First up was ByBurt's Copybox. It's a scripting language for advertising text. Based on where a user is, the weather where they are, and other variables, it adjusts the text in the ad and pushes it into ActionScript (Flash). Could lead to some scary ads that appear almost clairvoyant. I also predict some great ad text bloopers.
Adgregate Markets makes online ads into fully-functioning stores. Basically it's a widget platform. The pitch is that, currently, users don't buy online goods from ads because they don't want to leave the site they are on. Ok, but I am not convinced that squeezing transaction functions into a widget is going to improve sales. Except for low-cost impulse purchases. Maybe that's enough for this business.

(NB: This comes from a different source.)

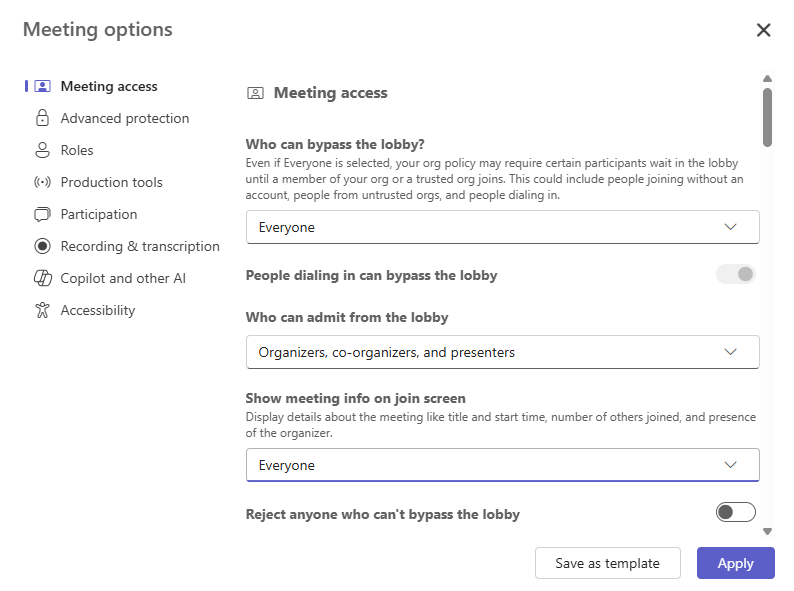 Meeting Options window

The TechCrunch judging panel liked this service, and also noted that Adgregate Markets could be used to sell products on a site that's about the products themselves -- in other words, as a sales engine on a commerce site, moreso than an advertising platform.
AdRocket is an advertising system that pushes ads through e-mail status updates ("BACN") and RSS feeds. The system takes info that's going into the e-mail and uses it to help target advertising.
"There's no spam," the presenter says. My take: Not until you ad advertising to the e-mails. Then it's an open question. But nonetheless, this is smart business. Most people get regular e-mail from social networks and content sites that don't have smart -- if any -- advertising in them. Might as well plaster those transmissions with ad messages, right?